Raja Tanpa Mahkota dan Sarekat
Islam
Oleh : Fajar Subhi
Oemar
Said Tjokroaminoto lahir di Ponorogo pada 16 Agustus 1882. Ayahnya, R. M.
Tjokroamiseno adalah wedana di Kleco, Madiun dan kakeknya, R. M Tjokronegoro, pernah
menjabat sebagai Bupati Ponorogo, salah seorang ulama paling berpengaruh di
Jawa pada abad ke-19. Setelah lulus dari OSVIA (Opleiding School voor Indlandsche Ambtenaren) Magelang pada 1902,
anak kedua dari dua belas bersaudara ini bekerja sebagai juru tulis di
Kepatihan Ngawi hingga 1905. Pada masa ini ia juga menikahi Soeharsikin, yang
dikaruniai lima orang anak. Anak pertama Netty Oetari yang pernah menikah
dengan Bung Karno. Anak kedua bernama Oetaryo Anwar Tjokroaminoto, dengan
aktifitas dan tugas sebagai wartawan, Penasehat Panglima Besar Sudirman,
anggota Dewan Perwakilan Rakyat Gotong Royong, Anggota Majelis Permusyawaratan
Rakyat Sementara, Anggota Dewan Pertimbangan Agung. Anak ketiga Harsono
Tjokroaminoto dengan julukan masa kecil “Mustafa Kamil”, beberapa kali sebagai
menteri pada Pemerintahan Republik Indonesia di tahun 1940-1970-an, anak
keempat bernama Islamiah, dan anak terakhir bernama Suyud Achmad juga seorang
wartawan.
Gang
Peneleh, ialah lokasi Rumah Hadji Oemar Said (HOS) Tjokroaminoto selama tinggal
di Surabaya. Beliau sebagai ketua salah satu organisasi pergerakan terbesar di
Hindia Belanda, Sarekat Islam. Selain dibuat usaha kos-kosan oleh istrinya,
rumah itu sering dipakai oleh Tjokroaminoto untuk mengajar dan berdiskusi
dengan para aktivis muda. Beberapa diantara mereka yang pernah tinggal dan
menjadi murid Tjokroaminoto di rumah tersebut adalah Soekarno, Semaoen, Alimin,
Musso dengan Partai Komunis Indonesia, sedangkan Kartosoewirjo dengan pemikiran
Islam yang radikal. Dari rumah tersebutlah kemudian Tjokroaminoto dikenal
sebagai guru para pendiri Bangsa Indonesia. “Raja Tanpa Mahkota”, begitulah
dipanggil oleh orang Belanda. Beliau adalah BAANBREKER INDONESIA. Peretas
jalan, peletak fondasi awal bangunan republik.

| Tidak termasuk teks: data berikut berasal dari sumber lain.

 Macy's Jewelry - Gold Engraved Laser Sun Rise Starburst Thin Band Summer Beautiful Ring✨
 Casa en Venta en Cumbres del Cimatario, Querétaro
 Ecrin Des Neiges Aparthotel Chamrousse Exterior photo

[Lahirnya Sarekat Dagang Islam]
Di Surakarta, R.M. Tirtoadhisoerjo (yang
selanjutnya akan menjadi pemimpin Redaktur Sarotomo) berhasil meyakinkan H.

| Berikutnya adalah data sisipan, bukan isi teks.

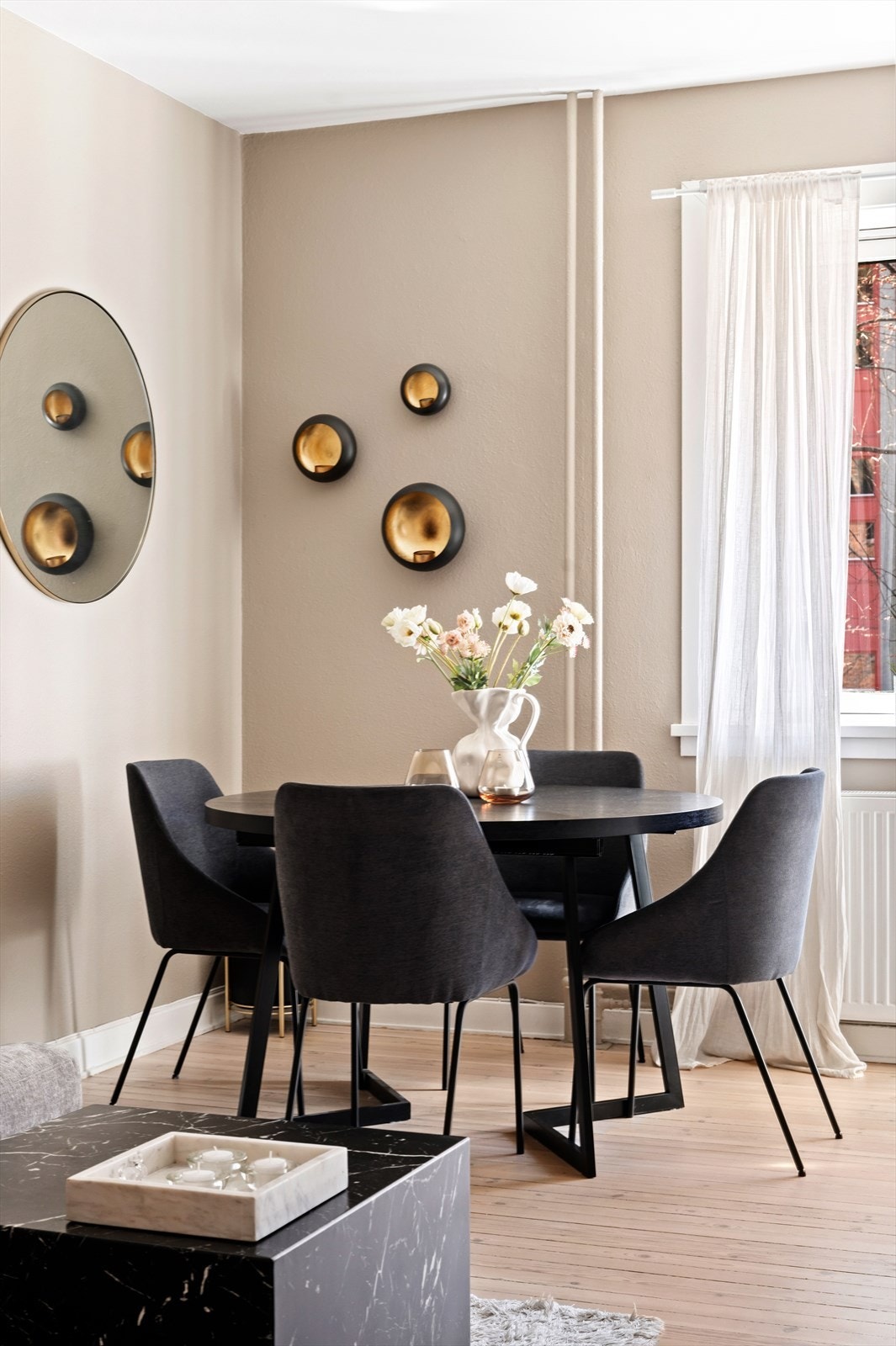 De store vindusflatene sørger for rikelig med lysinnslipp, som sammen med den gode takhøyden gjør leiligheten luftig. Galleribilde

Samanhoedi, seorang pengusaha batik yang besar dari kampung Laweyan, perlunya
mendirikan perkumpulan dagang seperti di Batavia dan Bogor itu. Pada akhir
tahun 1911, H. Samanhoedi berhasil menghimpun pengusaha-pengusaha batik di
Surakarta untuk mendirikan suatu perkumpulan dengan nama Sarekat Dagang Islam.
Serikat
ini seperti bentuk dari koperasi dagang pengusaha-pengusaha batik yang
bertujuan merobohkan monopoli pedagang-pedagang Cina yang menyediakan
bahan-bahan baku bagi perusahaan batik. Dalam waktu yang singkat, pergerakan Sarekat
Dagang Islam Surakarta ini meluas dan berkembang. Anggota SDI tidak hanya terbatas
pada pengusaha batik, tetapi juga pedagang Indonesia dan rakyat pada umumnya.
Kemudian serikat-serikat ini menyusul
dan muncul di beberapa tempat di luar Surakarta, diantaranya di Surabaya yang
dipimpin oleh HOS Tjokroaminoto. Karena berkembangnya pergerakan Sarekat Dagang
Islam, baik kuantitas dan kualitas dari para anggotanya, kata ‘dagang’ dihapus
dan selanjutnya bernama Sarekat Islam (disahkan dengan akte notaris di
Surakarta pada tanggal 10 September 1912).
Berdasarkan anggaran dasar SI, tidak
terbatas pada perdagangan saja, tetapi juga mengembangkan kehidupan ekonomi,
sosial, hingga agama Islam bangsa Indonesia. Seiring berkembangnya pergerakan
SI, menjadi kekhawatiran tersendiri bagi kalangan orang-orang Cina. Terjadi
konflik di beberapa kota terutama yang ada cabang SI. Konflik tersebut menjadi
bentrokan di Surakarta, Surabaya, Semarang dan Kudus.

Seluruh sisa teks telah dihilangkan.